→ **WHAT YOU HAVE TO DO**:
The entries below contain pictures, which are to be left out; write out exactly, and only, the lines from the line with "Sống Như Một" up to and including the line with "Irmella 15 * Arosa".

INPUT FOR THIS TASK START

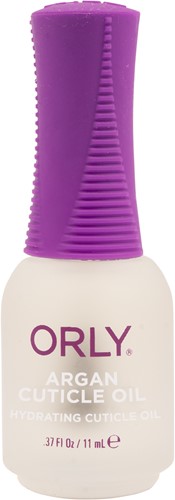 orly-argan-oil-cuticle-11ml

INPUT FOR THIS TASK END
INPUT FOR THIS TASK START

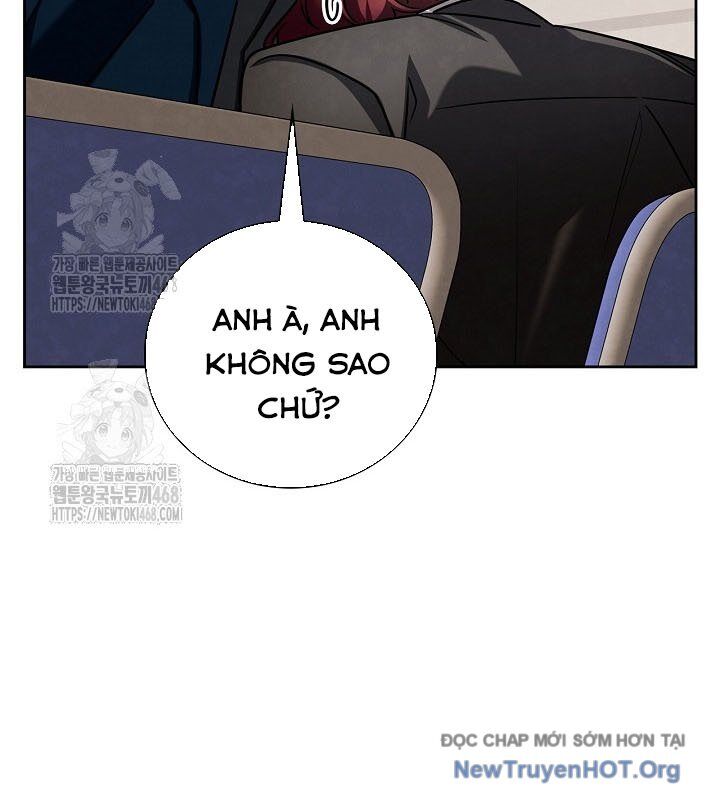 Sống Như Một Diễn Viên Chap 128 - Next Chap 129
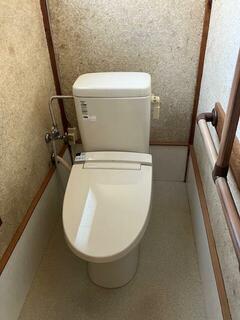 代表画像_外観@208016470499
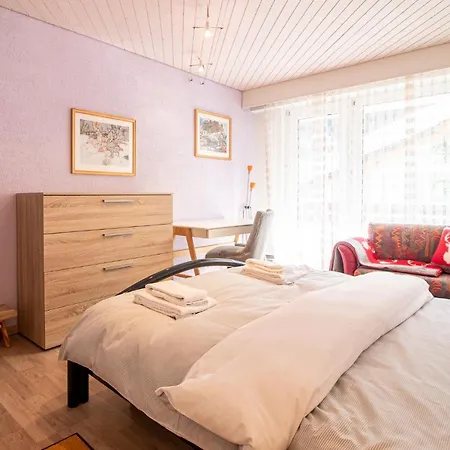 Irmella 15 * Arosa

INPUT FOR THIS TASK END

→ **SOLUTION TO THIS TASK**:
 Sống Như Một Diễn Viên Chap 128 - Next Chap 129
 代表画像_外観@208016470499
 Irmella 15 * Arosa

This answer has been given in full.